Beginning at the line that contains "8 a2080f50-e056-45f5-b2f9-894fad37cc8a. jpeg", repeat every line of the listing exactly through the final one.
*** Begin section ***
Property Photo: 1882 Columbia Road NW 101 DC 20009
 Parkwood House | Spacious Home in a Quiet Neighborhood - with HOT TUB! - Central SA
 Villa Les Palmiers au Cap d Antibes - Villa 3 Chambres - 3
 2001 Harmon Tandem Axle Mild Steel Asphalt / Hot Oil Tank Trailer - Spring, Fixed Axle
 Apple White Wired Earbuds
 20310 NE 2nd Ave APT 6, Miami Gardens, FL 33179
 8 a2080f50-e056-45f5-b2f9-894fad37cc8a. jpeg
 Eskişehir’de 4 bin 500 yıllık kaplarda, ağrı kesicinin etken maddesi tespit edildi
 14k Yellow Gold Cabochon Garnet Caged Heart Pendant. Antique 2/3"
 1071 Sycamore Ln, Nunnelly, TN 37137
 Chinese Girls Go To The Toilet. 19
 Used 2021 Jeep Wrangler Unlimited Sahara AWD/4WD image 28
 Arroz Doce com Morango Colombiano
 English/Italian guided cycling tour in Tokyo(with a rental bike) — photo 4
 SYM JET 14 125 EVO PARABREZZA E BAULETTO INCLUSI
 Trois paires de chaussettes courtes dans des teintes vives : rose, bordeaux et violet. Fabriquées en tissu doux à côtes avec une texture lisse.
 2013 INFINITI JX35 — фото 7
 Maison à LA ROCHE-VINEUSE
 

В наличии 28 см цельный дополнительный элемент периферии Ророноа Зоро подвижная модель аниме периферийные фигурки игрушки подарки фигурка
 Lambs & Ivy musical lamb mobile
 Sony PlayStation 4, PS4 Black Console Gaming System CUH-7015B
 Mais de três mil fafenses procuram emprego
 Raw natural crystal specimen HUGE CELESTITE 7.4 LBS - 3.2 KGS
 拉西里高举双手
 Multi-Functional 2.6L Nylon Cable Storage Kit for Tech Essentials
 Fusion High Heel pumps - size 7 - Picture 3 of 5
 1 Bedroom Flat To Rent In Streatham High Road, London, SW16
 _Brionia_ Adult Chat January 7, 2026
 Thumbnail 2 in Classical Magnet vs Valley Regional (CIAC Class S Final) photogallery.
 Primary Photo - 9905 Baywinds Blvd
*** End section ***
__Solution__
 8 a2080f50-e056-45f5-b2f9-894fad37cc8a. jpeg
 Eskişehir’de 4 bin 500 yıllık kaplarda, ağrı kesicinin etken maddesi tespit edildi
 14k Yellow Gold Cabochon Garnet Caged Heart Pendant. Antique 2/3"
 1071 Sycamore Ln, Nunnelly, TN 37137
 Chinese Girls Go To The Toilet. 19
 Used 2021 Jeep Wrangler Unlimited Sahara AWD/4WD image 28
 Arroz Doce com Morango Colombiano
 English/Italian guided cycling tour in Tokyo(with a rental bike) — photo 4
 SYM JET 14 125 EVO PARABREZZA E BAULETTO INCLUSI
 Trois paires de chaussettes courtes dans des teintes vives : rose, bordeaux et violet. Fabriquées en tissu doux à côtes avec une texture lisse.
 2013 INFINITI JX35 — фото 7
 Maison à LA ROCHE-VINEUSE
 

В наличии 28 см цельный дополнительный элемент периферии Ророноа Зоро подвижная модель аниме периферийные фигурки игрушки подарки фигурка
 Lambs & Ivy musical lamb mobile
 Sony PlayStation 4, PS4 Black Console Gaming System CUH-7015B
 Mais de três mil fafenses procuram emprego
 Raw natural crystal specimen HUGE CELESTITE 7.4 LBS - 3.2 KGS
 拉西里高举双手
 Multi-Functional 2.6L Nylon Cable Storage Kit for Tech Essentials
 Fusion High Heel pumps - size 7 - Picture 3 of 5
 1 Bedroom Flat To Rent In Streatham High Road, London, SW16
 _Brionia_ Adult Chat January 7, 2026
 Thumbnail 2 in Classical Magnet vs Valley Regional (CIAC Class S Final) photogallery.
 Primary Photo - 9905 Baywinds Blvd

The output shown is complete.